将p1(v1), p2(v2)与$\tilde{A}(\boldsymbol{u}) $带入(16)式,并对v2积分可得:
$ \begin{aligned}\langle I(\boldsymbol{\rho}, z)\rangle &=\frac{1}{F(z)} \frac{k^{2} {\boldsymbol{\rho}_0}^{2}}{2 M_{1}} \frac{k^{2} \delta^{2}(k \delta)^{2 n}}{2^{n} n ! \pi} \exp \left(-\frac{M_{2}}{{\sigma_0}^{2}} \boldsymbol{\rho}^{2}\right) \times \\ & \int {\boldsymbol{v}_1}^{2 n} \exp \left[-\left(\frac{M_{2} z^{2}}{{\sigma_0}^{2}}+\frac{k^{2} \delta^{2}}{2}\right) {\boldsymbol{v}_1}^{2}\right] \times \\ & \exp \left(-\frac{2 M_{2} z}{{\sigma_0}^{2}} \boldsymbol{\rho} \cdot \boldsymbol{v}_{1}\right) \cos ^{2}\left(\frac{\theta}{2}\right) \mathrm{d}^{2} \boldsymbol{v}_{1} \end{aligned} $
(17) 式中,$F(z)=1+\frac{z^{2}}{k^{2} {\sigma_0}^{4}}, M_{1}=\frac{z^{2}}{{\sigma_0}^{2} F(z)}+\frac{k^{2} {\rho_0}^{2}}{2} $$ M_2=\frac{1}{F(z)}\left[1-\frac{z^{2}}{{\sigma_0}^{2} F(z) M_{1}}\right]$。

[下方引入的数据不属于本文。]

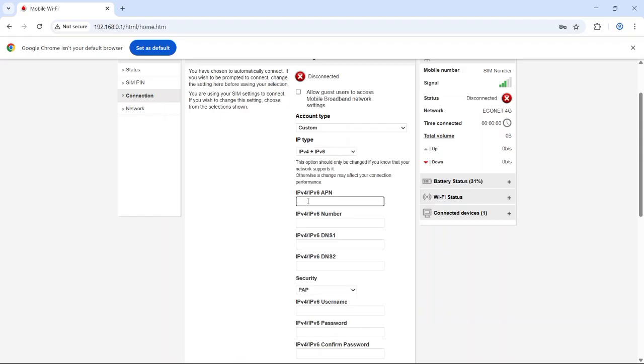For the APN name, just type Internet, and for the dial number, type star 99 hash.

将(17)式由直角坐标转化到极坐标, 对v1与θ积分,将得到在各向异性湍流中传输的月牙形光束的平均光强的解析表达式:
$ \begin{array}{*{20}{c}} {\langle I(\mathit{\boldsymbol{\rho }}, z)\rangle = \frac{1}{{F(z)}}\frac{{{k^2}{\rho _0}^2}}{{2{M_1}}}\frac{{{k^2}{\delta ^2}{{(k\delta )}^{2n}}}}{{{2^n}n!}} \times }\\ {{\exp \left( { - \frac{{{M_2}}}{{{\sigma _0}^2}}{\mathit{\boldsymbol{\rho }}^2}} \right)\exp ( - t)\left\{ {\frac{1}{2}n!{{\left( {\frac{{2{\sigma _0}^2}}{{2{M_2}{z^2} + {k^2}{\sigma _0}^2{\delta ^2}}}} \right)}^{n + 1}}{{\rm{L}}_1} - } \right.}} \\ {\left. {\frac{1}{2}\left( {n - \frac{1}{2}} \right)!\frac{{{M_2}z}}{{{\sigma _0}^2}}\mathit{\boldsymbol{\rho }}{{\left( {\frac{{2{\sigma _0}^2}}{{2{M_2}{z^2} + {k^2}{\sigma _0}^2{\delta ^2}}}} \right)}^{n + 3/2}}{{\rm{L}}_2}\cos \phi } \right\}} \end{array} $
(18) 式中,Ln0表示广义拉盖尔函数,L1=Ln0(t), L2=Ln-1/21(t), t=-2M22z2ρ2/[σ02(2M2z2+k2σ02δ2)]。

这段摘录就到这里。